I got interested in the puzzles when I started crunching Project Sudoku for TeAm AnandTech. Try it!

 

[PowerEngineer]

Hey Rudy,

I'm pretty sure a sudoku square with more than a single solution (that is consistent with the starting seeds) will not be solvable in the sense that you can work your way through the square always finding unique values for each open value until it is complete.

Your latest 15Solution shows the following entries in the three middle rows of the right three columns:

456
645
564

It seems to me that you also get valid solutions when you rotate these to:

564
456
645

or

645
564
456

Actually, I think the same is true for the 4-5-6 entries in the bottom rows of the left column as well.

 

[Rudy Toody]

Originally posted by: PowerEngineer
Hey Rudy,

I'm pretty sure a sudoku square with more than a single solution (that is consistent with the starting seeds) will not be solvable in the sense that you can work your way through the square always finding unique values for each open value until it is complete.

Your latest 15Solution shows the following entries in the three middle rows of the right three columns:

456
645
564

It seems to me that you also get valid solutions when you rotate these to:

564
456
645

or

645
564
456

Actually, I think the same is true for the 4-5-6 entries in the bottom rows of the left column as well.

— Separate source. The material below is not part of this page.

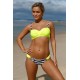 Womens Triangle Bikini Set Swimsuit Yellow Black Stripe Womens Triangle Bikini Set Swimsuit Yellow Black Stripe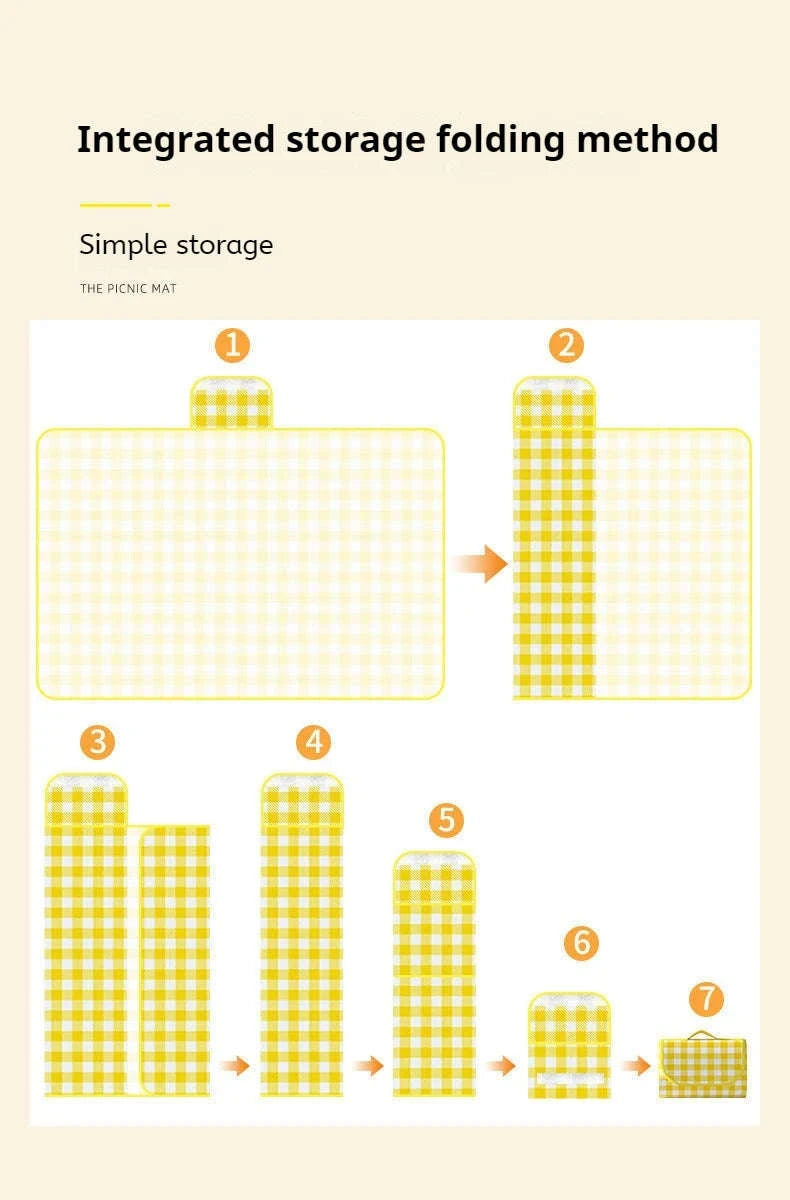 Waterproof Beach Mat Folding Mattress Portable Lightweight Picnic Mat-Yellow grid / 100-150cm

You are correct about rotating the 4-5-6 in either or both outer sets, however to keep the requirement that the diagonal tuples be consistent you would need to rotate those rows in the middle set as well. The top line middle column seeds 4-5 prevent that rotation.

Thanks.

--Fred

 

[Rudy Toody]

PowerEngineer, I see what you mean now. The diagonal rule is something the creator needs to do during mapping, and if we want to give that information to the solver, then we must include 2 more pieces of information, thus making this a 17 seed puzzle.

I'm going back to the drawing board. Thanks for your feedback everyone.

--Fred

 

[Howard]

Seeds? What? 😕

 

[silverpig]

Originally posted by: Howard
Seeds? What? 😕

Numbers you're given to start with.

 

[Howard]

So are we trying to find a solvable puzzle which gives the minimum # of starting numbers?

 

[FallenHero]

Originally posted by: Howard
So are we trying to find a solvable puzzle which gives the minimum # of starting numbers?

that doesnt have more than one solution

 

[Triumph]

link to 17 seed puzzle please, i want to try it.